Make a list of benefits for each side of the decision and ask yourself how many of those benefits truly matter. You might find that the answer you’ve been looking for was there all along — you just need to work through it in writing.

Journaling helps you work through uncertainty. Why do you feel uncertain about a house purchase? Why are you worried about that big promotion at work? Sometimes, we feel worried without understanding why.

Journaling can help us break through this challenge as well. For unspecific worries, the technique of the “five whys” works well. When you make a big statement such as, “I’m worried about this promotion at work,” ask yourself why you feel that way, then write down the answer as honestly as possible. Look at that answer and ask yourself “Why?” again. Do that again and again and again. By about the third or fourth step, writing the answers will seem hard and deeply personal — that’s a good thing because you’re digging close to the right answer.

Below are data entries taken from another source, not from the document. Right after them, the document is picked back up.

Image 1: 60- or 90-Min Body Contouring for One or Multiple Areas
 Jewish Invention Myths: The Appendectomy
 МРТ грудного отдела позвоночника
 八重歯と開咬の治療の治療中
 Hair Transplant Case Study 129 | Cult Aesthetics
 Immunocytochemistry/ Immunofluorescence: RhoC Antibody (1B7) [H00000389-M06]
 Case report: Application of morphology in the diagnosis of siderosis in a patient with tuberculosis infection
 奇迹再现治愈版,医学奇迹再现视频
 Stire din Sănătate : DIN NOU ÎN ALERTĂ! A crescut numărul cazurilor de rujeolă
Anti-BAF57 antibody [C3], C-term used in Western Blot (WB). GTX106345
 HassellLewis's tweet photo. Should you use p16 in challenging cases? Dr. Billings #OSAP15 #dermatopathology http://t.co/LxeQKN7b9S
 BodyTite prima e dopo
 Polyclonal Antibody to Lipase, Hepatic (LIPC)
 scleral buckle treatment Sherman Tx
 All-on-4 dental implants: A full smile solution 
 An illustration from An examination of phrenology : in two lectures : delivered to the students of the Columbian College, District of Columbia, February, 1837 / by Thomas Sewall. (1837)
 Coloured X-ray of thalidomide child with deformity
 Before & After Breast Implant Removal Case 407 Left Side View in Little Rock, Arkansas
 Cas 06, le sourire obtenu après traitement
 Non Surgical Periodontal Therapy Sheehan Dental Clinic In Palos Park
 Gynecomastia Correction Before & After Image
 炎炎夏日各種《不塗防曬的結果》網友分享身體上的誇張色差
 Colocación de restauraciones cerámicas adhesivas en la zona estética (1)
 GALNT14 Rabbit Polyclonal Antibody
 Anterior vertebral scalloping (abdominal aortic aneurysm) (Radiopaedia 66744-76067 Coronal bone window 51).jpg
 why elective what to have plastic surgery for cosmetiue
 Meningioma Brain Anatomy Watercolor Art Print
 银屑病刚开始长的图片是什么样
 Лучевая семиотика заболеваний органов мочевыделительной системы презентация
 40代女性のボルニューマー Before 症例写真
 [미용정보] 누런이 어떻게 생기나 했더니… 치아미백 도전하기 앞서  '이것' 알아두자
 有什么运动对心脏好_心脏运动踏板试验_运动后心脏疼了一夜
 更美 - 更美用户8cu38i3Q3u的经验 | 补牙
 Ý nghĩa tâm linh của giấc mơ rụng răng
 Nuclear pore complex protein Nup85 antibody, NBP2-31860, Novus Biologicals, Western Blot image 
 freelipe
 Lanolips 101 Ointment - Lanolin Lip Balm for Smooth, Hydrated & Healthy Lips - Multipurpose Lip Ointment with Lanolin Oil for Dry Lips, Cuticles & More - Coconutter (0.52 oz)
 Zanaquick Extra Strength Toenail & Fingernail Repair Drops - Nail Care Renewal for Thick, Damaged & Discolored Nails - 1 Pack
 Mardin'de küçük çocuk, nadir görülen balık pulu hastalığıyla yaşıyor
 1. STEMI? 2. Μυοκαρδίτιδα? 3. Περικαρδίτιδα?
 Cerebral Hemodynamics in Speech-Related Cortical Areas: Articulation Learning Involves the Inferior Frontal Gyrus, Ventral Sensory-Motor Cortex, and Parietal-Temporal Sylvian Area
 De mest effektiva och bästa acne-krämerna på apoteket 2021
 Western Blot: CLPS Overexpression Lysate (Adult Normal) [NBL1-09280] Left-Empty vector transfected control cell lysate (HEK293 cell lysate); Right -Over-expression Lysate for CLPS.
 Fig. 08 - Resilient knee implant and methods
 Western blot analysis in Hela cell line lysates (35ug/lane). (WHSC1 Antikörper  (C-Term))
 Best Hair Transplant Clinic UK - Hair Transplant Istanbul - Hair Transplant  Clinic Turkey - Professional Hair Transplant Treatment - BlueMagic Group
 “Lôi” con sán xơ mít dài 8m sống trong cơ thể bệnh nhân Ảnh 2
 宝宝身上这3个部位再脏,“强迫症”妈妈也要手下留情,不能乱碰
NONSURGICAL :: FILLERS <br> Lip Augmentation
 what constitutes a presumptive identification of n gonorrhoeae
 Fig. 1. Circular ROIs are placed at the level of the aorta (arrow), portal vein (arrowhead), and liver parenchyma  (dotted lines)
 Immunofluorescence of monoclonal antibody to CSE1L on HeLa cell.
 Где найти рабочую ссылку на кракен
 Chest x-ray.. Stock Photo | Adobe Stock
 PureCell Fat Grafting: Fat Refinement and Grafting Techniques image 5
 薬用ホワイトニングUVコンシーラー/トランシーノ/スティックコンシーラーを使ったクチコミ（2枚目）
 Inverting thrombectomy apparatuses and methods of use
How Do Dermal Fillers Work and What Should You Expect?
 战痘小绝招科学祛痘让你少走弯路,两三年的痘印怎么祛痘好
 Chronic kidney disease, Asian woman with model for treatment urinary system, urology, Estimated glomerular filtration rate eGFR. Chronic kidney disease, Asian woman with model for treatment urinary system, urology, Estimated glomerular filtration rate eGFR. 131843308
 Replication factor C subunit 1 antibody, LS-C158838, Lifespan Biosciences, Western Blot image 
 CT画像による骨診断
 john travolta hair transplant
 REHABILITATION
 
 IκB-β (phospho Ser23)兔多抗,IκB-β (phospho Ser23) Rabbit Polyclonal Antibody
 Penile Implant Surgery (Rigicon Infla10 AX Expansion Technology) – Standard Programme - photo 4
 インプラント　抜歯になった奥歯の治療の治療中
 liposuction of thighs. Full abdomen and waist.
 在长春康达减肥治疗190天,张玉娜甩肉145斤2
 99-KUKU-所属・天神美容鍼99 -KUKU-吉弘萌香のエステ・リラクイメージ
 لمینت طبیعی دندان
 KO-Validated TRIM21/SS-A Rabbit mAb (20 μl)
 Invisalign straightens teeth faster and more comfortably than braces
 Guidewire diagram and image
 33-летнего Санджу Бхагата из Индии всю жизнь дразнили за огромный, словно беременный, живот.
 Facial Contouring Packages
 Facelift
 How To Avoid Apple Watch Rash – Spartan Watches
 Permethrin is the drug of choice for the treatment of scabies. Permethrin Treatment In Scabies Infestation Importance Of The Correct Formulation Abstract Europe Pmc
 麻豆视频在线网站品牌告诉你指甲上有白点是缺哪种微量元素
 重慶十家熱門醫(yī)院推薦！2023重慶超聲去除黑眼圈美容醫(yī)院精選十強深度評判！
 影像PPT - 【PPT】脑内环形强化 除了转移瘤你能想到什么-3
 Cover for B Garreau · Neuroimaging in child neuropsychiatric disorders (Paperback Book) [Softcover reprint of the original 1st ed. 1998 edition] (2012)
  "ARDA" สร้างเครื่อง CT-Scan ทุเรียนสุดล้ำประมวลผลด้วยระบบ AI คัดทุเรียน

Usually, by the fifth time you’ve questioned your answer, you’ve reached a point where you’ve got a fresh, new grasp on the situation, often from a place where you didn’t expect to find an answer. For example, you might find that your hesitation to accept a promotion at work is due to a relationship with a co-worker more than anything else, something you might not have consciously noticed. You might realize that your worry about the house purchase is actually a concern about the long-term health of your marriage. Addressing the real problem can fix a lot of other sore spots in your financial life.

You can journal in a way that impacts your financial health in only 15 minutes a day. Start with your concerns and use these techniques to dig down to the center of them. You may find solutions that can help your financial life in ways you never expected.